Under 5 minutes from trigger to result — fast enough to run frequently, reliable enough to trust as a quality signal.

100+

Automation Scripts

Suite grew from 70 to 100+ scripts on a stable, flakiness-free foundation during the enhancement phase.

On-Demand

Manual Pipeline Trigger Built

The suite can now run at any point in the development cycle — without requiring a deployment trigger.

Testberry

LLM Evaluation Platform Delivered

A full purpose-built evaluation tool for Noteefy's AI Pro Shop Assistant — delivered as a bonus, outside the original engagement scope.

Tools & Technology

The stack.

Automation

Cypress (JavaScript) — 100+ scripts on stable, flakiness-free foundation

CI/CD

GitLab Pipelines — on-demand trigger + deployment-triggered execution

AI Coding Tool

Cursor AI — script authoring, refactoring, and fixes

Code Review

Greptile — automated code review integration

Failure Monitoring

Slack — real-time CI failure notifications with structured triage context

Custom Tooling

Failed-test rerun script (without Cypress Business plan)

Bonus

Testberry — LLM evaluation platform for AI Pro Shop Assistant validation

The Takeaway

The Noteefy engagement is a case study in pipeline rehabilitation.
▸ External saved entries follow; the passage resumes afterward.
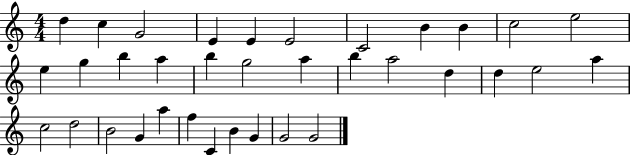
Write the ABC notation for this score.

X:1
T:Untitled
M:4/4
L:1/4
K:C
d c G2 E E E2 C2 B B c2 e2 e g b a b g2 a b a2 d d e2 a c2 d2 B2 G a f C B G G2 G2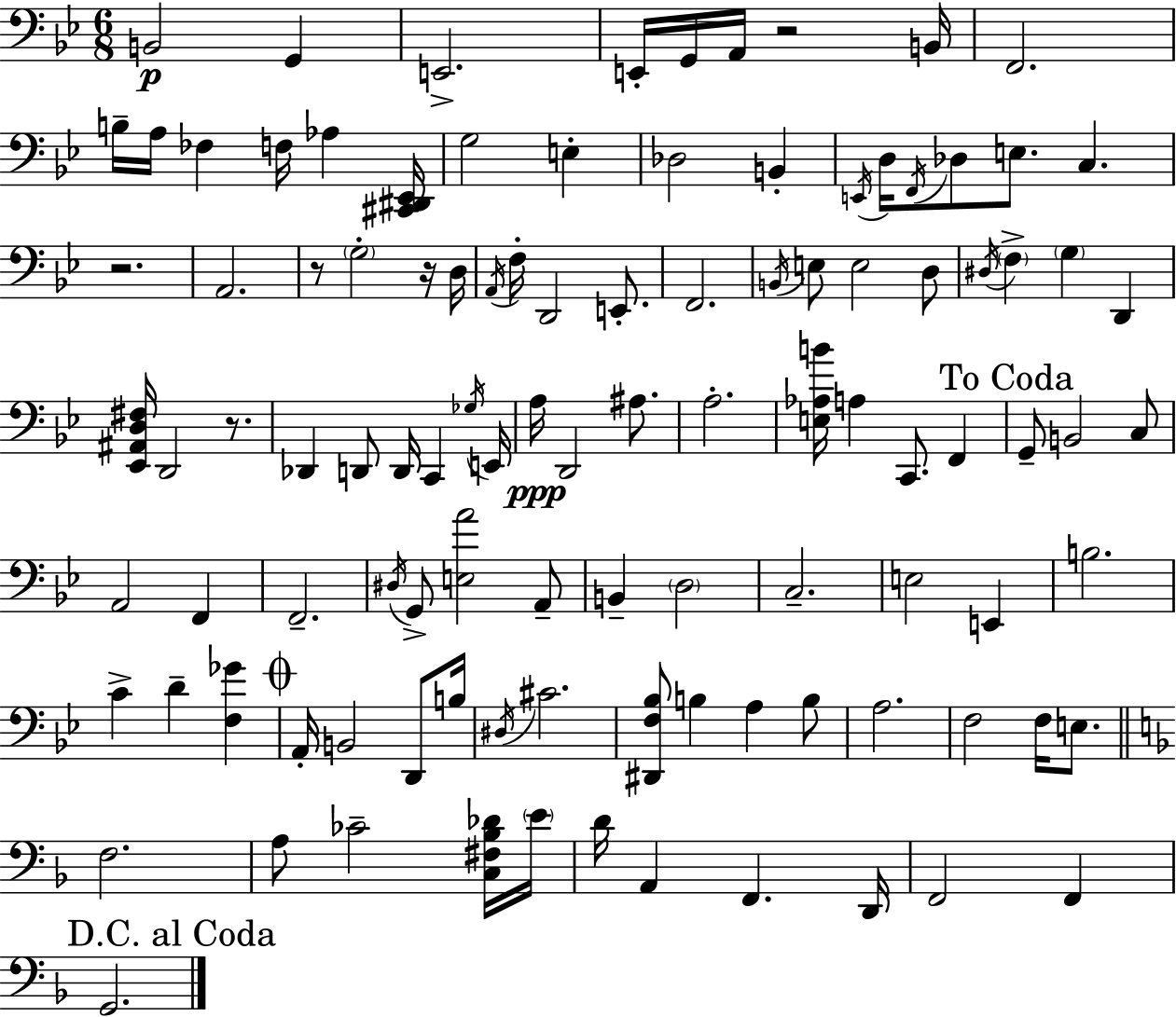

By addressing flakiness at its root cause — not patching symptoms — and engineering custom tooling within the client's existing subscription constraints, the team transformed a slow, unreliable CI environment into a fast, trustworthy foundation for continuous quality delivery. And then they went further: delivering Testberry, a purpose-built LLM evaluation platform for the AI Pro Shop Assistant — bringing structured, measurable quality assurance to Noteefy's AI feature surface, and demonstrating what it means to think beyond the brief.